Assignment 3: Parallel VLSI Wire Routing via OpenMP : Parallel Computer Architecture and Programming : 15-418/618 Fall 2017

Due: Friday, October 13th, 2017, 11:59 PM

Final Deadline: Monday, October 16th, 11:59 PM

Maximum Late Days: 3

As you may have realized with Assignment 2, the earlier you start this the better.

Overview

The purpose of this assignment is to introduce you to parallel programming using OpenMP and to illustrate how the realities of parallel machines affect performance. Although the sequential version of the task that you are asked to parallelize is relatively straightforward, there are a number of subtle issues involved in achieving high performance with your parallel code.

Environment Setup

You will collect your numbers on the Latedays cluster. Please read the README file to learn about how to submit a job to latedays. The code will be run on Xeon Phi, and we'll be using the offload mode in the assignment.

More information about running on Latedays can be found in the following link:

http://15418.courses.cs.cmu.edu/fall2016/article/7

You will ssh with the following:

 ssh ANDREW_ID@latedays.andrew.cmu.edu

You'll notice that when you log in, you won't be in AFS. This is just fine, untar the starter code in the directory you're in right when you log in or a subdirectory that you create yourself.

Everything you need to know about how to run your code, how to use OpenMP, and what is provided in the starter code is in the README! Download the starter code from Autolab.

You will need to add the following lines to your ~/.bashrc file:

module load gcc-4.9.2
export PATH="/opt/intel/bin:${PATH}";
source /opt/intel/bin/compilervars.sh intel64

Policy and Logistics

You will work in groups of two people in solving the problems for this assignment. Turn in a single writeup per group, indicating all group members. If any revisions or changes are made to the assignment, you'll hear from an email and a post on Piazza.

To get started, download assignment3-handout.tar from Autolab to a directory accessible only to your team. In the following, ASSTDIR refers to the directory that the handout is unpacked with:

 > tar xzf assignment3-handout.tar.gz

Please make sure you read this document and ASSTDIR/README before you start working on the assignment.
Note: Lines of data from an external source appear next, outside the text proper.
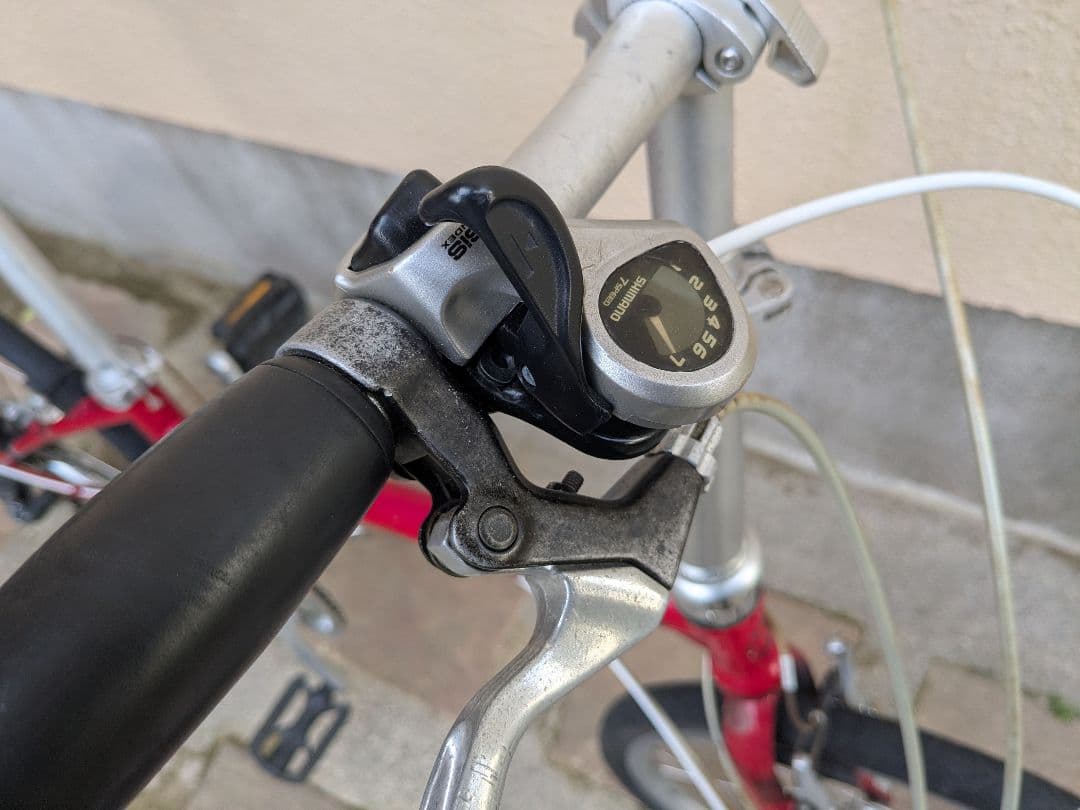 ダホン ボードウォーク dahon boardwalk 配達可 乗って帰れます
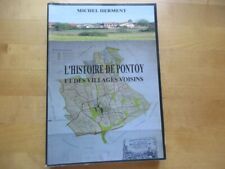 LORRAINE - L' HISTOIRE DE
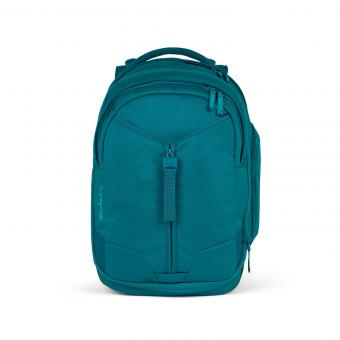 satch match Schulrucksack  Deep Petrol
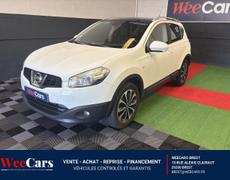 Nissan Qashqai Brest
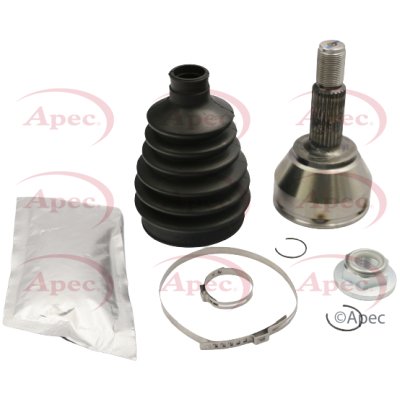 APEC braking ACV1021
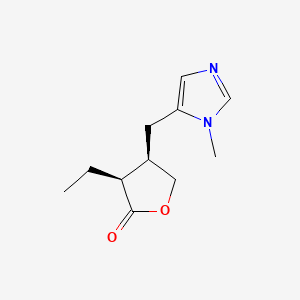 Could Not Find 2D Structure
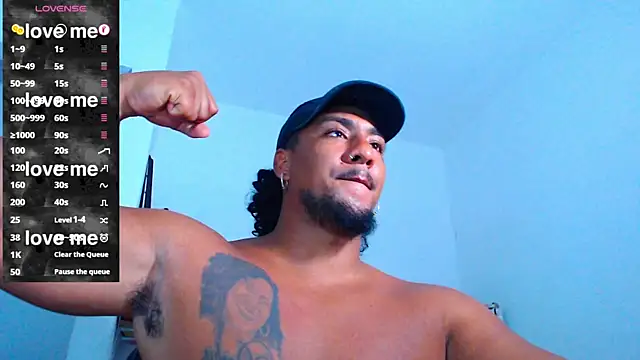 yosoy enzo2020 online show from 09.14.25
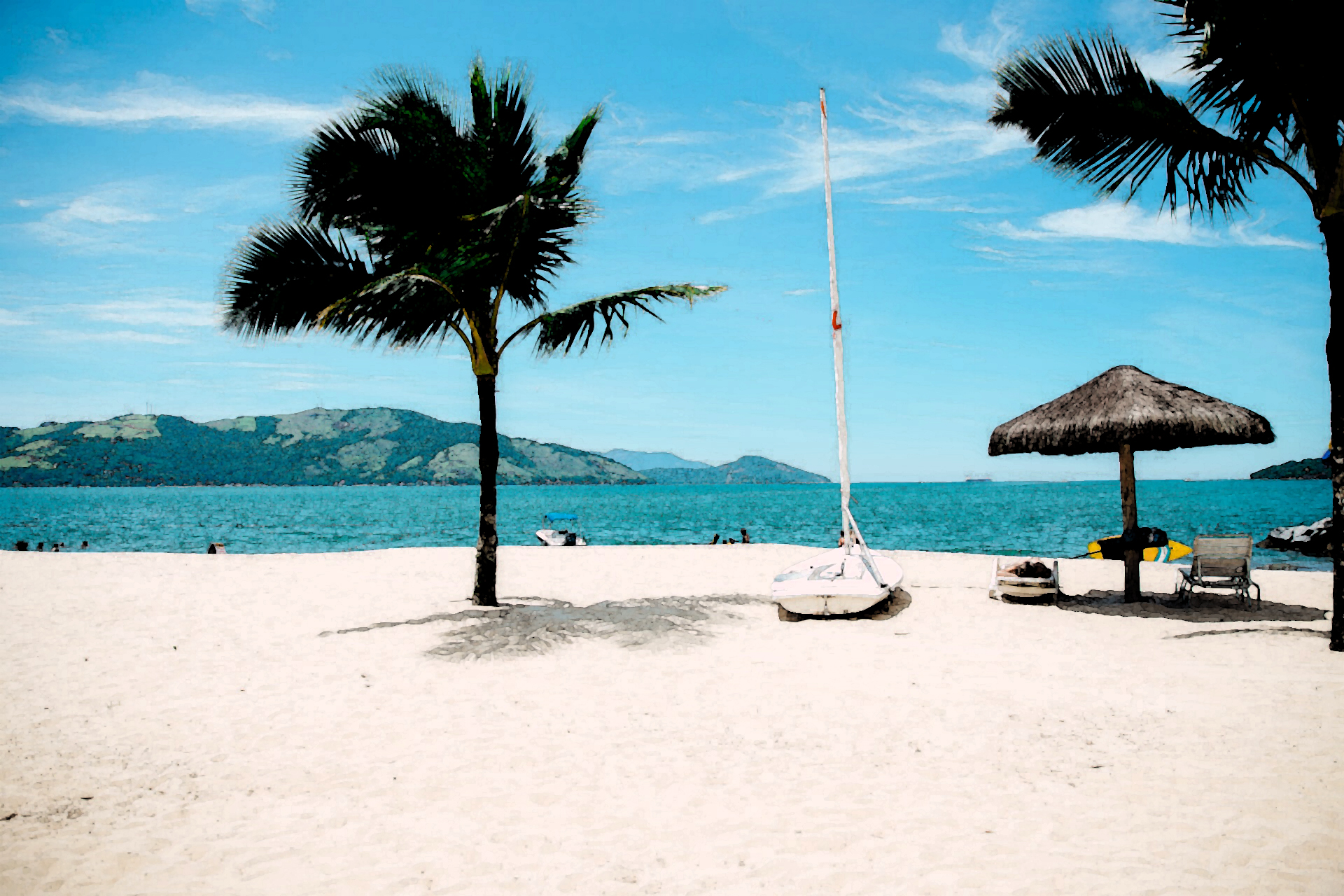 Auto Body Shop SBA 7(a) Loan Business Valuation Case Study The Art of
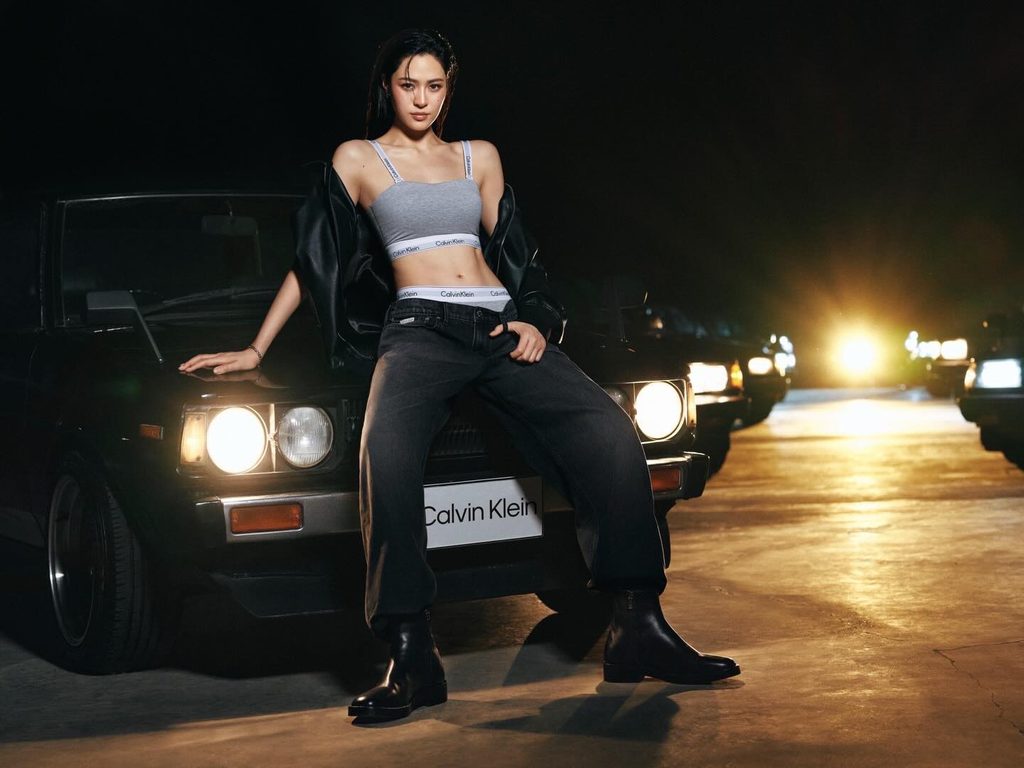 Meet Lingling Kwong: The Thai Actress Crowned the 'World's Most Beautiful Woman Alive' in 2026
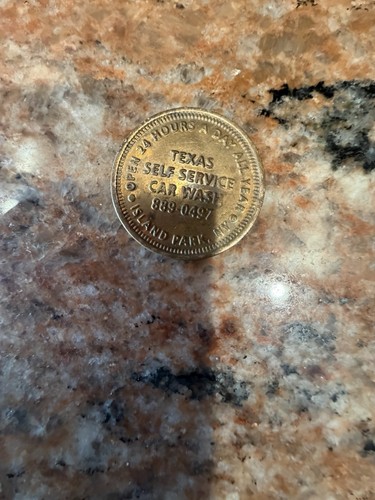 Texas self service - service, wash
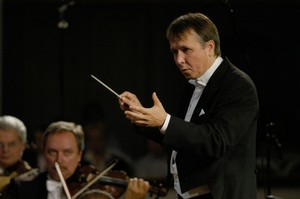 Михаил Плетнев (Mikhail Pletnev)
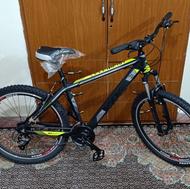 دوعدد دوچرخه ویوا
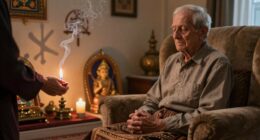spiritual comfort in dementia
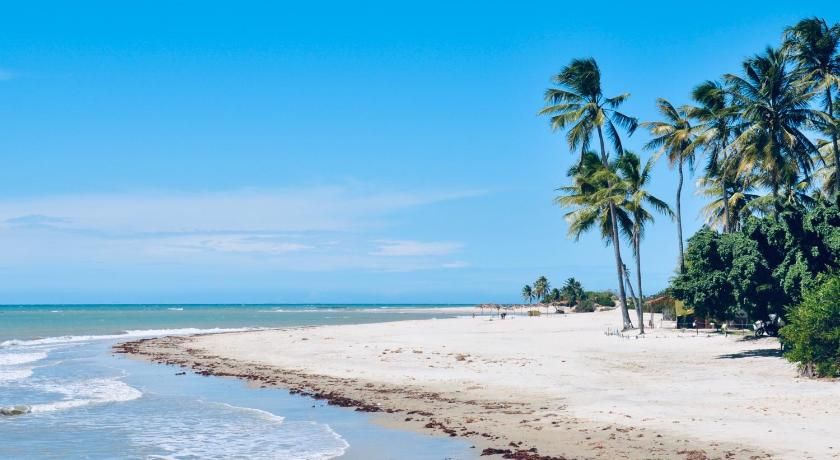 Pousada Casa Caju Bangalows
Seriously.

Introduction: VLSI Wire Routing

VLSI ("Very-Large Scale Integration") refers to the process for designing and creating integrated circuits (ICs) on computer chips. A common step in VLSI design is routing wires to connect components on the surface of the chip. When routing these wires, an important goal is to minimize the maximum number of wires that overlap the same position on the surface of the chip (which is a 2D grid). This metric is important because it corresponds to the number of layers of metal that are needed in the VLSI process to route the chip. The more layers of metal, the more expensive the process. Even if only a single point in the 2D grid requires an additional layer of metal, you still incur the cost of the more expensive VLSI process.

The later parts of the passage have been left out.